Jacques Poch et son compagnon, ne compteront plus leurs sorties dans les fossés. Heureusement que le poids plume de la Dyna leur permettra de la remettre sur la route sans trop de difficultés.

Le matin, en arrivant sur la N7 un peu avant Valence, la chaussée était transformée en véritable patinoire. Après plusieurs tête-à-queue, un platane traversa leur trajectoire.
Dégoûté, Mouche décide de tout arrêter d’autant qu’il restait les Alpes à franchir !
Il ne va pourtant pas tarder à changer d’avis. Car au bout d’une heure d’un repos bien mérité pris au bord de la route, passe l’Aronde de Jean Berha.
Ce dernier était parti une minute derrière eux : ils réalisent alors qu’ils avaient une heure d’avance sur lui avant de s’être arrêtés!
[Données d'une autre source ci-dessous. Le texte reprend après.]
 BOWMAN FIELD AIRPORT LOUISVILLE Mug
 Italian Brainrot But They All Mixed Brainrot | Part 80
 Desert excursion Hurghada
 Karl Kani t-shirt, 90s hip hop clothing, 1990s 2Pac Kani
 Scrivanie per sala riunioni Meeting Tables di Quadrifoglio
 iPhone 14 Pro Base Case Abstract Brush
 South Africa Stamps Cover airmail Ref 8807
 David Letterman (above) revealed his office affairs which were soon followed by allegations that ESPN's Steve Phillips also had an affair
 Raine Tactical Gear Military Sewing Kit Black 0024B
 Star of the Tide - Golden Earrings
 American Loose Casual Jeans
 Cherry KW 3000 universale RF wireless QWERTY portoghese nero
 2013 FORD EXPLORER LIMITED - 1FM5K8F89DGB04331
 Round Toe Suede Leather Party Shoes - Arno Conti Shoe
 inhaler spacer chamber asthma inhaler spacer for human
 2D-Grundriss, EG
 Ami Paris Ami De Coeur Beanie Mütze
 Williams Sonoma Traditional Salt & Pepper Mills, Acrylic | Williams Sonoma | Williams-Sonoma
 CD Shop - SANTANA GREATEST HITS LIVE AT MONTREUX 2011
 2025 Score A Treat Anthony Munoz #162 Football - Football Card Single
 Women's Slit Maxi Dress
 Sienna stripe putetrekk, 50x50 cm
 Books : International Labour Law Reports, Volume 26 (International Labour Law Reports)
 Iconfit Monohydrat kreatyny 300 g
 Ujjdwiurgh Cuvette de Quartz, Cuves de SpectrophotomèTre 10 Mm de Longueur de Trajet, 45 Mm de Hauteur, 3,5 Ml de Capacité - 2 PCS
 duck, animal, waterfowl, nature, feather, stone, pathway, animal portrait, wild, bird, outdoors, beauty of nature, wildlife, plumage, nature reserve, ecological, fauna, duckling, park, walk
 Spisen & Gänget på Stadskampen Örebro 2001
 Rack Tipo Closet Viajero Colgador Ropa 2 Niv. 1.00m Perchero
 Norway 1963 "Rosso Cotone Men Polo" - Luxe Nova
Motivés comme jamais, Jacques Poch et Mouche repartirent le couteau entre les dents ! Dopé par ce sentiment de l’exploit réalisé, ils entamèrent un festival qui marquera leur subconscient à jamais.
Tapant de tous les côtés sur les murs de neige, ils ne s’étaient jamais autant amusés !
Et malgré la moyenne imposée de 60 km/h, ils ne prirent qu’un seul point de pénalité entre Valence et Monaco.
Ils arrivèrent dans les 50 premiers avant le parcours commun, alors que la moitié seulement des concurrents rejoignaient Monaco dans les délais.

Je laisse volontairement de côté les Prestations de Jacques Poch au volant de l’Aéro-Minor lors des 24 h du Mans successif, nous éloignant trop du concept Panhard.

Durant ces années »Minor », Jacques Poch se forge une réputation de pilote d’endurance qui lui permet de se faire engager par Borgward aux 24h du M ans 1953, toujours avec Mouche.

FIN DE CARRIERE SUR PANHARD

Après bien des déboires qui le conduisent souvent à l’abandon, Jacques Poch revient au Mans en 1958 sur une Monopole-Panhard équipée d’un moteur de 745 cc avec Dunan-Saultier comme coéquipier.
Il découvrait de nouveau la conduite d’une Panhard. Mais cette Monopole avait le défaut de faire un violent écart lors des freinages appuyés. Inconvénient d’autant plus dangereux qu’il tomba cette année là des trombes d’eau toute la nuit et que la visibilité était nulle lorsque les grosses cylindrées les doublaient au freinage, surtout au bout de la ligne droite des Hunaudières.

C’était très risqué et cette nuit là, Jacques Poch prit la décision d’arrêter la compétition.

De plus, il tomba en panne de batterie. Or si le règlement n’autorisait pas le remplacement de celle-ci, l’interdiction ne concernait pas les éléments qui la composent ! L’équipe les changera tous et Jacques Poch pu repartir : belle interprétation du règlement !

Néanmoins, ils perdirent beaucoup de temps. Des quatre voitures engagées, celle de Jacques Poch a été la seule à terminer à la 17ème place.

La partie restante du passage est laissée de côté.